He doesn’t have the words to describe how he felt at that moment. “Finding out my child had died was already so shocking and horrible. Seeing that picture on social media made it so much worse,” he said.

Moloi, a lesbian, was one of the four women whose bodies were found in Soweto last weekend, their horrific murders shocking South Africans.

She died just after the funeral of another murdered lesbian woman, Nonkie Smous, who was burned. Just three days before Smous’s murder, a lesbian woman was stabbed, stoned and raped in Potchefstroom.

Zodwa Moloi and Thandi Mathanjana, aunts of Moloi, who was popular with her friends and family. Picture: Nhlanhla Phillips

It appears that Moloi, too, was killed for her sexual orientation. Gauteng police have arrested two men in connection with Moloi’s rape and murder, who appeared in the Protea Magistrate’s Court this week.

They are investigating a case of corrective rape, or sexual assault, with the intention to “turn” a gay person, most commonly a lesbian, into a heterosexual.

Lerato, or Tambaai, as she was called, was raised by her aunt and uncle after both parents died. She was the only source of family income, bringing in monthly checks from Bic, the pen company, where she did freelance work. She would have started a part-time job on Monday.

Her family describe her as friendly, jolly and jovial.

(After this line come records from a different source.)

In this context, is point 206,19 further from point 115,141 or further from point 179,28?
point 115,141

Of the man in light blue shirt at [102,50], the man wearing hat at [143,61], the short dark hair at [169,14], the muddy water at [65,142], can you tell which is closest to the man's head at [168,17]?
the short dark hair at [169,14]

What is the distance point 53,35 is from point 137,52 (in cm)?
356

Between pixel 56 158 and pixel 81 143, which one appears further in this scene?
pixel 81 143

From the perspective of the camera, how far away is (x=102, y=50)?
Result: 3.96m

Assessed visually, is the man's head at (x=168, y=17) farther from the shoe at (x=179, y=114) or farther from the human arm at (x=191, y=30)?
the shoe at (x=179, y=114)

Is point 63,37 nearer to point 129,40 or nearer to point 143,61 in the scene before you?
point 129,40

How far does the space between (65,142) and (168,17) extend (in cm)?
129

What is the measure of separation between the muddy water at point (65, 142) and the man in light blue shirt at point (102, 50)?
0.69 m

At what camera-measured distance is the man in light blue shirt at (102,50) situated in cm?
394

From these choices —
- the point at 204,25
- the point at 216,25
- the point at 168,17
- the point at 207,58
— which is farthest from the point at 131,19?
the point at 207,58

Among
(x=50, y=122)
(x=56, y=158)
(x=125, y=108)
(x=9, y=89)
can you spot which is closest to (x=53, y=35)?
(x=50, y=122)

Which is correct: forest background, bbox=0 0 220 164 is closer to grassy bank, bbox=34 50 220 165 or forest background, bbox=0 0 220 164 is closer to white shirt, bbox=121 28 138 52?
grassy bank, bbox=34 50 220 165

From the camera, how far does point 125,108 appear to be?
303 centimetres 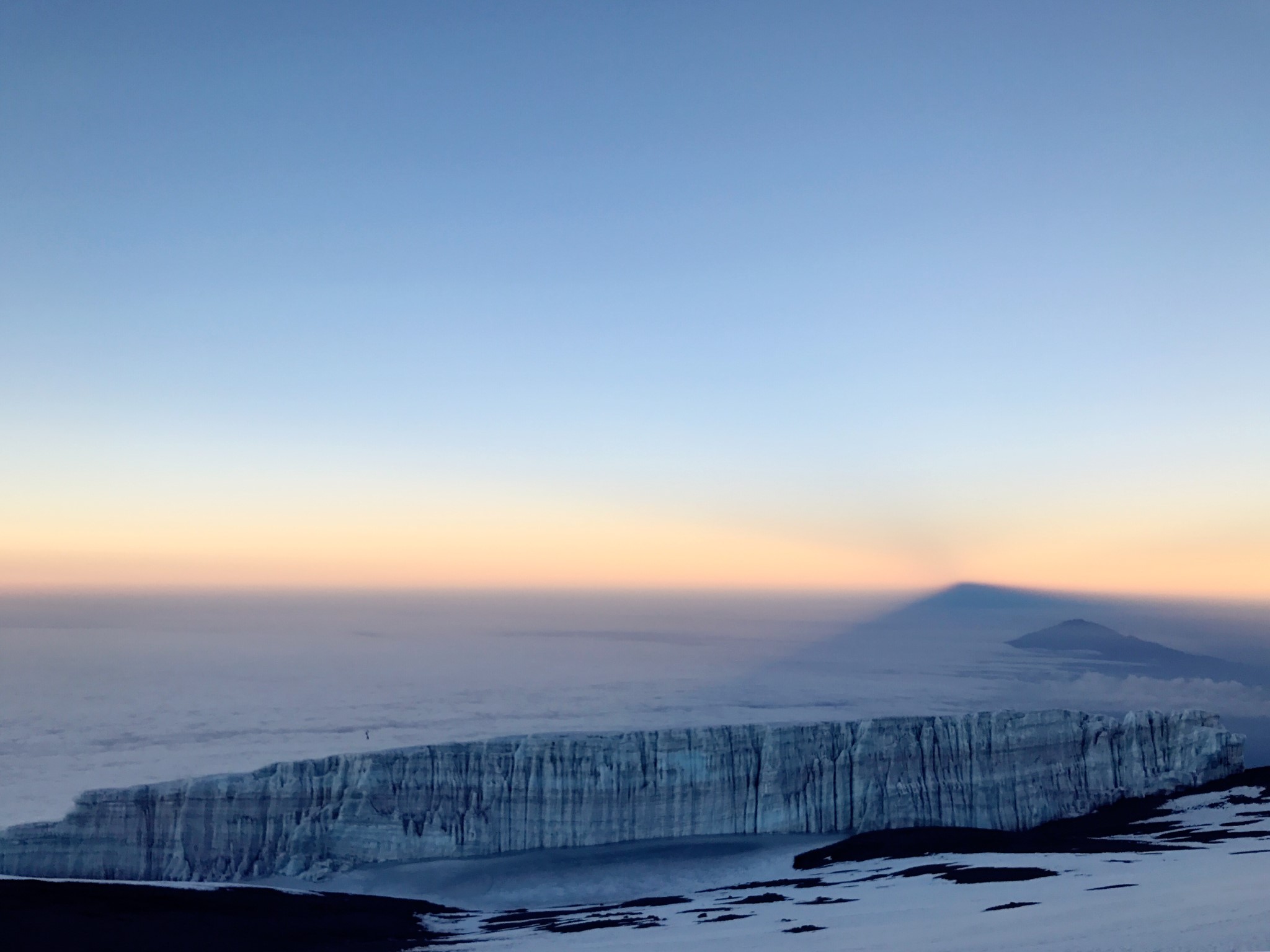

They will miss her jokes the most. Zodwa Moloi, who raised her niece, smiled as she recalled: “She loved to make up silly names for us and tease us she called me ‘my Dodo’.”

The family everyone in Naledi was friends with their niece - and loved her. “Nobody doesn’t know Tambaai,” Godfrey said. To him, her murder is an impossibility.

Thandi Mathanjana, Moloi’s aunt, thinks she knows why her niece was targeted. “They probably wanted to change Tambai to make her a proper women,” she said.

Moloi realised she was a lesbian when she was 13. She always preferred to play with other boys and kept her hair short. “Everyone knew, and everyone accepted,” said her uncle, Godfrey Moloi.

The family weren’t worried for her safety. There are many lesbians in Naledi, and nobody is bothered by it, they say. Several years ago, in the Naledi soccer league, a team of lesbians competed alongside the male soccer teams. Moloi asked the provincial government for money for his niece’s funeral. If they hadn’t said yes, he is not sure how they would have afforded the burial.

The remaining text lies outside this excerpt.